You have seen already, in slightly less than two months, Joe Biden and the Democratic Congress have put America on track for higher inflation. With trillions of dollars in stimulus, and new announcements of higher taxes on the horizon, and a push for a higher minimum wage, inflation expectations have soared.
Expectations for inflation have increased 40% in the last five months, to 2.3% from 1.6% over the next ten years. As Brett Arends writes at MarketWatch, it may not seem like a lot, but if you’re retiring it could make the difference between relaxing on the beach or going back to work. He writes:
Nobody suffers more from high inflation than retirees. Back in the 1970s, it was those in retirement living on fixed income that got hit the hardest as prices rose year after year. The investment returns from their bonds and cash fell way behind. Bonds were ruefully described as “certificates of confiscation.” Every year retirees got poorer.
Could this happen again? Many strategists on Wall Street say no. There is so much slack in the economy, they argue, that there’s little to worry about. And things like fast technology advances, which make businesses more efficient and generally cap prices and wages, will keep prices tame, they say.
Admittedly, when they sound like this they make me think of Leslie Nielsen in “Naked Gun”, standing in front of an exploding fireworks store shouting “nothing to see here! Please disperse!”
And not everyone is convinced. The bond market, for one. Five months ago, just before the elections, the bond market was predicting inflation over the next 10 years of 1.6%.

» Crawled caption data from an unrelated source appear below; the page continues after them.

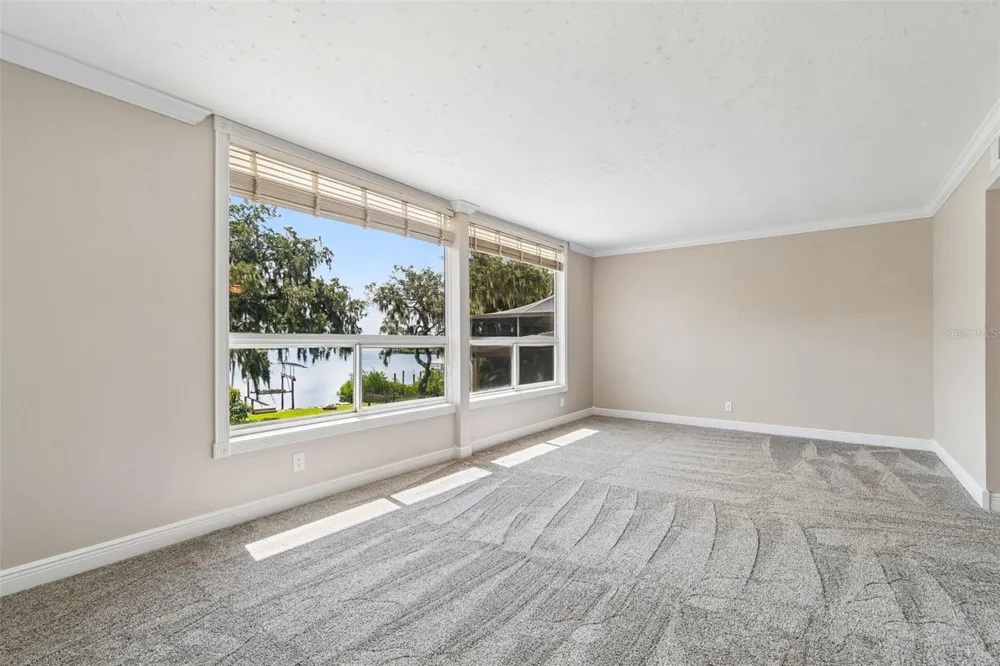 904 BAYSHORE DRIVE Tarpon Springs, FL 34689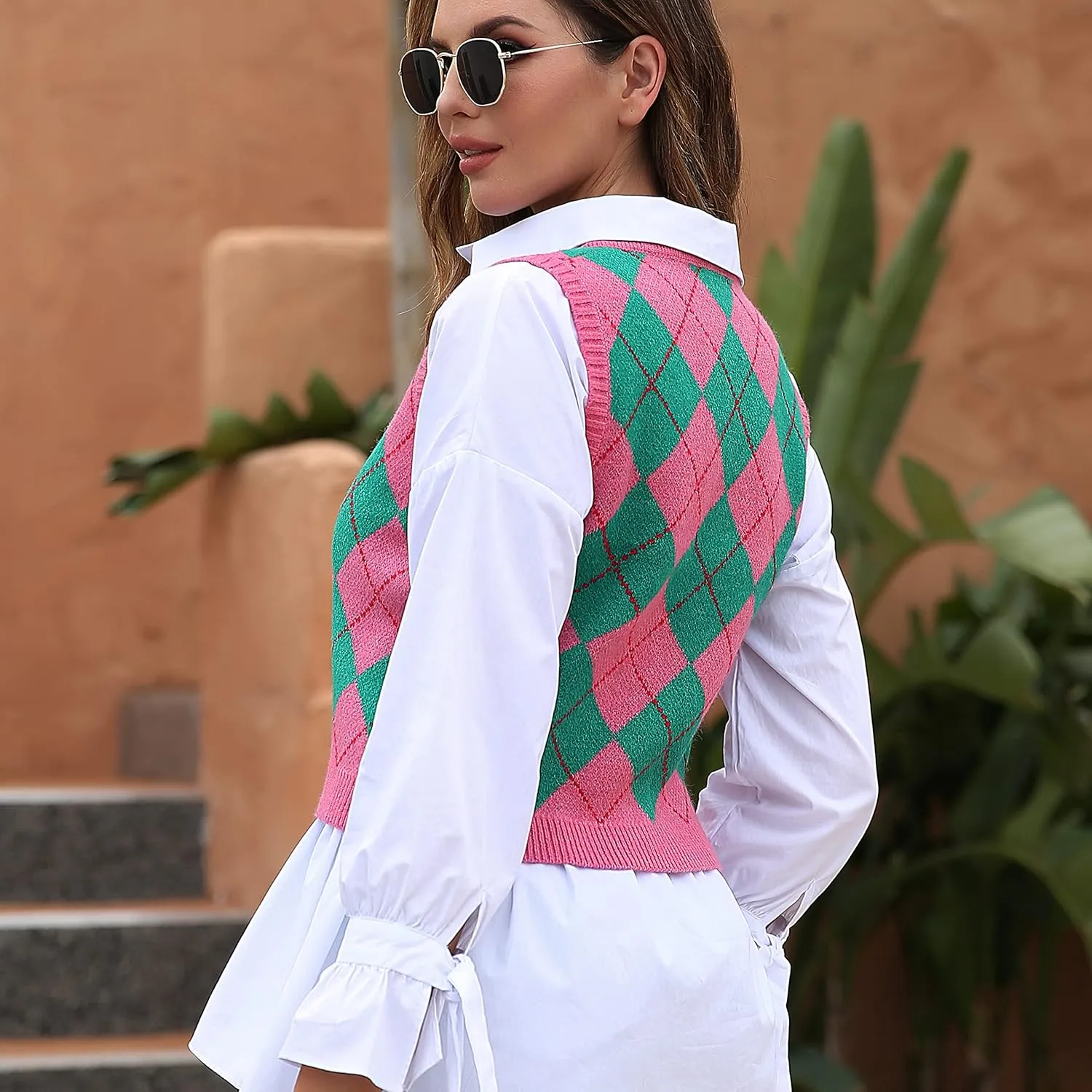 Women's Fashion Cropped Sweater Vest College Style Sleeveless Vest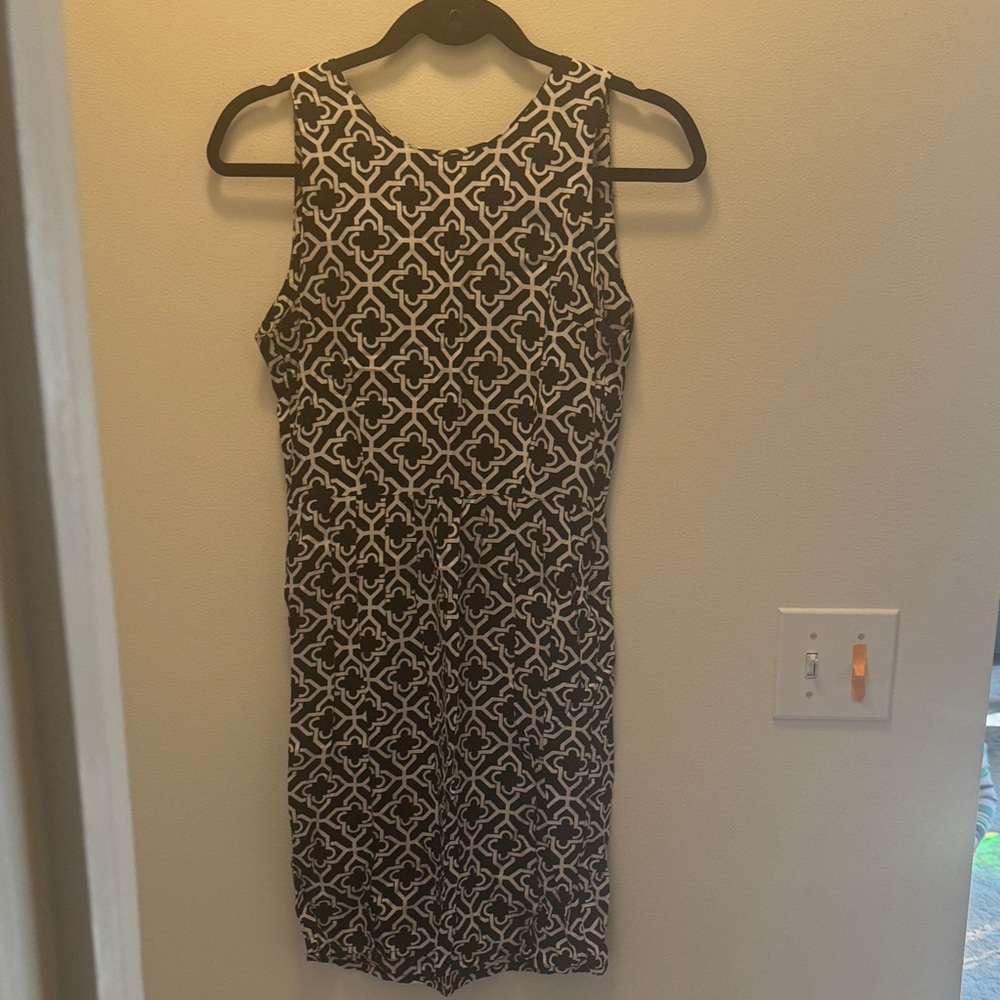 Escapada Black and White Geometric Midi Dress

It may not sound like much in real terms. It’s still lower than the historic average. But it’s a 40% rise in a short time and it’s the highest since 2013.
It means someone holding their money in a five-year CD, or even a 10-year Treasury note, will actually lose purchasing power year after year.
Can you afford to “lose purchasing power year after year?” Not many people can.
If you’re willing to keep working, or live a FIRE lifestyle, inflation may not affect you quite so badly. Many Americans have saved so little, it won’t matter what inflation does, they’ll keep working regardless.
Action Line: That’s why I encourage you to save until it hurts. Put the power of compound interest on your side by saving early, and often. And if you’ve saved enough already, start saving for your grandkids. They’ll thank you for setting them up for a lifetime of compounding.